Parallel and distributed systems are a pervasive component of the modern computing environment. Today, large-scale data-centers or supercomputing facilities have become ubiquitous, consisting of heterogeneous geo-distributed clusters with 100s of thousands of general-purpose multicores, energy-efficient cores, specialized accelerators such as GPUs, FPGAs, etc. Such computing infrastructure powers not only some of the most popular consumer applications--Internet services such as web search and social networks--but also a growing number of scientific, big data, and enterprise workloads. Due to the growing importance of these diverse applications, my research focuses on building software systems for this new computing infrastructure.

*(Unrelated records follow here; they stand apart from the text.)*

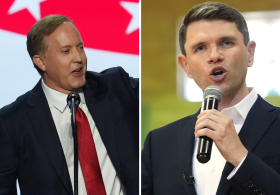 Texas republicans face ‘generational wipeout’ amid disastrous polls…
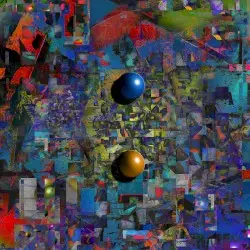 Easy Decade by Magenta Injection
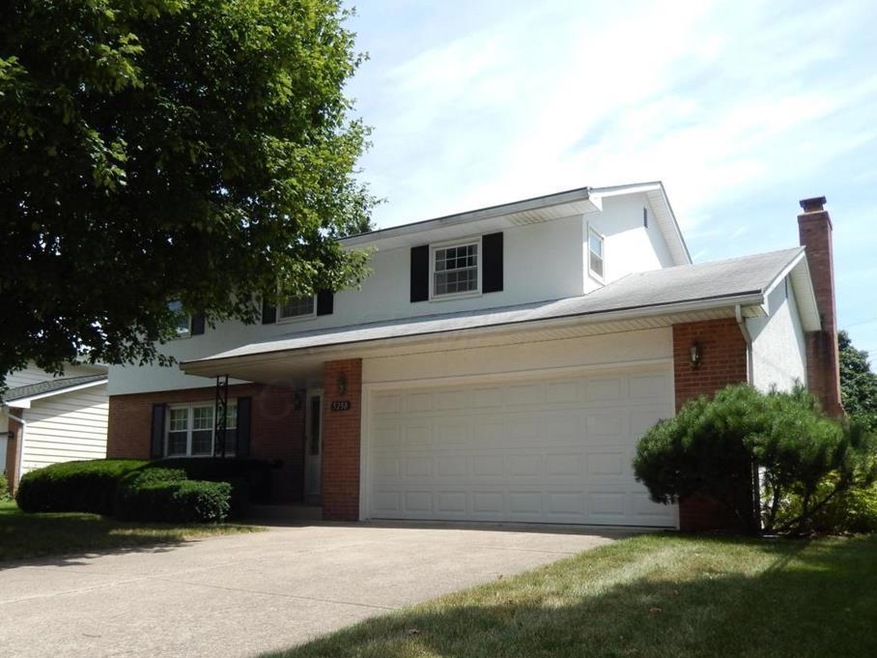 5258 Butternut Ct W, Columbus, OH 43229 - photo 1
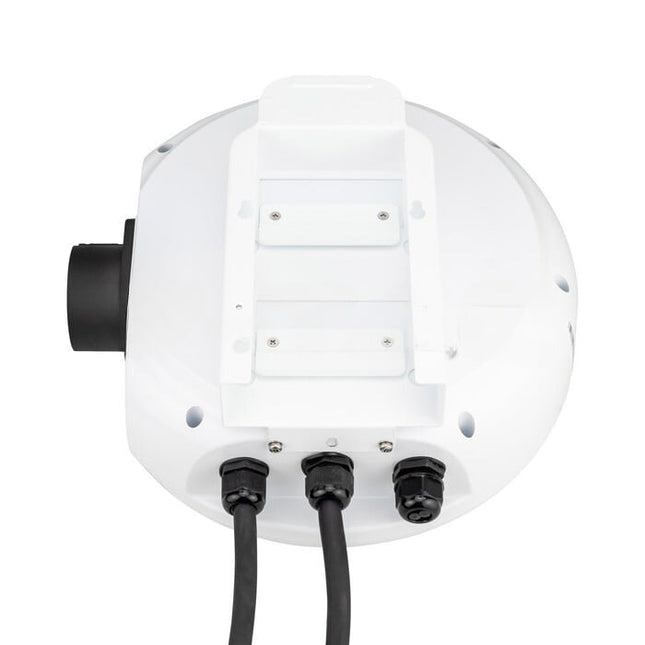 Station de recharge électrique réglable pour voitures, 230 V, 7 kW, iZAR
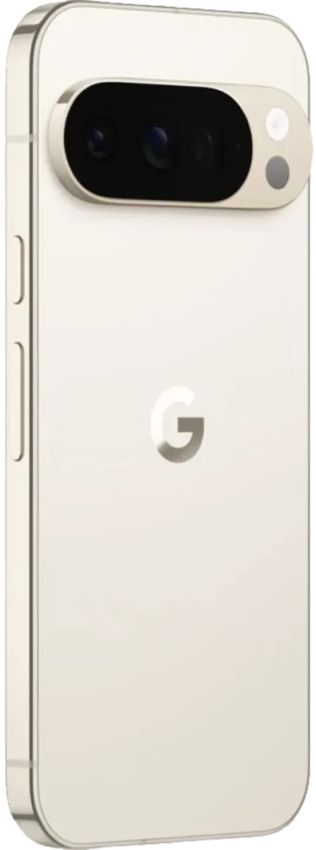 Google Pixel 10 Pro - 256GB - eSIM - Porcelain - Unlocked by Google - Refurbished - Very Good condition - Image 8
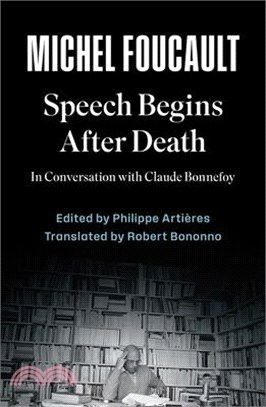 Speech Begins After Death: In Conversation with Claude Bonnefoy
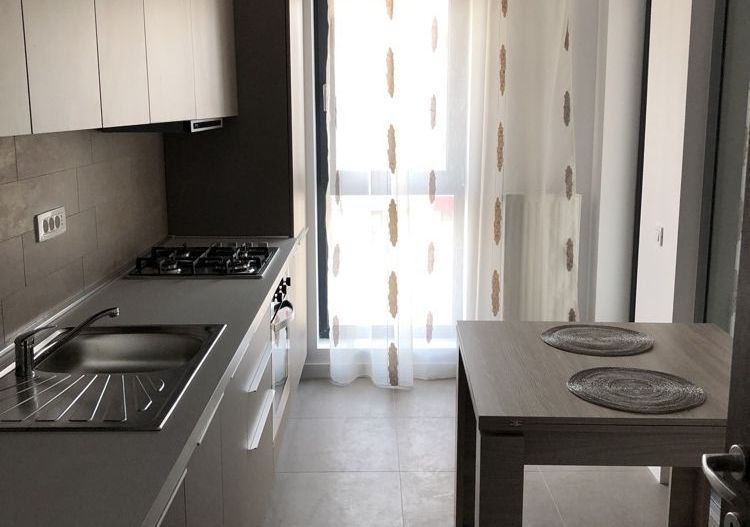 2 camere Politehnica 21 Residence + parcare M10 - Poză 8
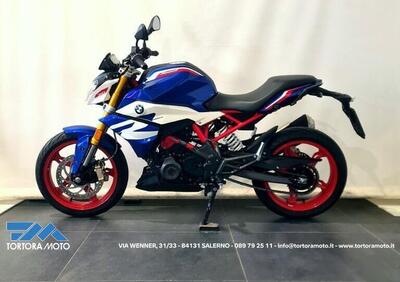 Bmw G 310 R (2021 - 25) - Annuncio 9988731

In this talk, I present an overview of my research group "Parallel and Distributed Systems" at TU Dresden. The mission of my group is to build adaptive software systems targeting parallel and distributed computing. For adaptiveness, we follow three core design principles: (1) _Resiliency_ against fail-stop and Byzantine faults for ensuring the safety and security of applications; (2) _Efficiency_ of applications by enabling a systematic trade-off between the application performance (latency/throughput) and resources utilization/energy consumption; and (3) _Scalability_ to seamlessly support ever growing application workload with increasing number of cores, and at the same time, embracing the heterogeneity in the underlying computing platform.
As I show in my talk, we follow these three design principles at all levels of the software stack covering operating systems, storage/file-systems, parallelizing compilers and run-time libraries, and all the way to building distributed middlewares. Our approach transparently supports existing applications -- we neither require a radical departure from the current models of programming nor complex, error-prone application-specific modifications.